▸ **AIM OF THE TASK**
Only the lines from the one with "Sveučilište u Mostaru: Vandali" through the end of the material below belong in the reply; transcribe them exactly.
____
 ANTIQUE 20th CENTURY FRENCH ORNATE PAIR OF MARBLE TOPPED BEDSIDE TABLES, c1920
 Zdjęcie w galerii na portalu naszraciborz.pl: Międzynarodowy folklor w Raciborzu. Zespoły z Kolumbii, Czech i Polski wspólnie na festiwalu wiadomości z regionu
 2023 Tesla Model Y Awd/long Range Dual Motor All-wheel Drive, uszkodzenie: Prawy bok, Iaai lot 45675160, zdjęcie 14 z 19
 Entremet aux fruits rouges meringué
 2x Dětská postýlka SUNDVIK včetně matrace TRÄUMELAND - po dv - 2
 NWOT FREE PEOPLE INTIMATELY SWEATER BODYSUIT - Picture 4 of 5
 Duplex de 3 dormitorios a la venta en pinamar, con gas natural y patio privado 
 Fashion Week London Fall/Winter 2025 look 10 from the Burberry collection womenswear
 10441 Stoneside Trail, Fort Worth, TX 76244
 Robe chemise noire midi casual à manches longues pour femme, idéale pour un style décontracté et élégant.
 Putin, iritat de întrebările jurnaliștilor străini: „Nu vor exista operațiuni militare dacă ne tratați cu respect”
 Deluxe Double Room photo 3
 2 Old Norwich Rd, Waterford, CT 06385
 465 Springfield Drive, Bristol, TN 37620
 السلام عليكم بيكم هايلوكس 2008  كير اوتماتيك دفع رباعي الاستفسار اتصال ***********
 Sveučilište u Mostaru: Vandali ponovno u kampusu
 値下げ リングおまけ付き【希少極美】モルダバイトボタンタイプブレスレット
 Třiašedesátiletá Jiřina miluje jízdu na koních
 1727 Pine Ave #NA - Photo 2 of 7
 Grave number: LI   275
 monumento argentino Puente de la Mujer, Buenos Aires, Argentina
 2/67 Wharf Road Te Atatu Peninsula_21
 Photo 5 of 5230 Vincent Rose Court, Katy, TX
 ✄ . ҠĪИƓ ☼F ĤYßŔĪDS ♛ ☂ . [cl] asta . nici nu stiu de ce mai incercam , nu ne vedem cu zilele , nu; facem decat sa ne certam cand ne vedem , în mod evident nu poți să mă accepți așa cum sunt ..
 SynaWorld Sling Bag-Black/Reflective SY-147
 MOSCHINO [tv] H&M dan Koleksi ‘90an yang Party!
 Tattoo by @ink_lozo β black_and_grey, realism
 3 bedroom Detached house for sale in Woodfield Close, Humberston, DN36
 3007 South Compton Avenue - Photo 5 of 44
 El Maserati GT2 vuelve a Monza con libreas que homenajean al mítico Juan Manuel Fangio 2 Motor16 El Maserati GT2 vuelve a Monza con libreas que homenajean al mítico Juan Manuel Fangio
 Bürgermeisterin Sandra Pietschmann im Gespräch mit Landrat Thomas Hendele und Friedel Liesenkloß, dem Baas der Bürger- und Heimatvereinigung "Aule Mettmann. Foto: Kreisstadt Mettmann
____
▸ **REPLY**
 Sveučilište u Mostaru: Vandali ponovno u kampusu
 値下げ リングおまけ付き【希少極美】モルダバイトボタンタイプブレスレット
 Třiašedesátiletá Jiřina miluje jízdu na koních
 1727 Pine Ave #NA - Photo 2 of 7
 Grave number: LI   275
 monumento argentino Puente de la Mujer, Buenos Aires, Argentina
 2/67 Wharf Road Te Atatu Peninsula_21
 Photo 5 of 5230 Vincent Rose Court, Katy, TX
 ✄ . ҠĪИƓ ☼F ĤYßŔĪDS ♛ ☂ . [cl] asta . nici nu stiu de ce mai incercam , nu ne vedem cu zilele , nu; facem decat sa ne certam cand ne vedem , în mod evident nu poți să mă accepți așa cum sunt ..
 SynaWorld Sling Bag-Black/Reflective SY-147
 MOSCHINO [tv] H&M dan Koleksi ‘90an yang Party!
 Tattoo by @ink_lozo β black_and_grey, realism
 3 bedroom Detached house for sale in Woodfield Close, Humberston, DN36
 3007 South Compton Avenue - Photo 5 of 44
 El Maserati GT2 vuelve a Monza con libreas que homenajean al mítico Juan Manuel Fangio 2 Motor16 El Maserati GT2 vuelve a Monza con libreas que homenajean al mítico Juan Manuel Fangio
 Bürgermeisterin Sandra Pietschmann im Gespräch mit Landrat Thomas Hendele und Friedel Liesenkloß, dem Baas der Bürger- und Heimatvereinigung "Aule Mettmann. Foto: Kreisstadt Mettmann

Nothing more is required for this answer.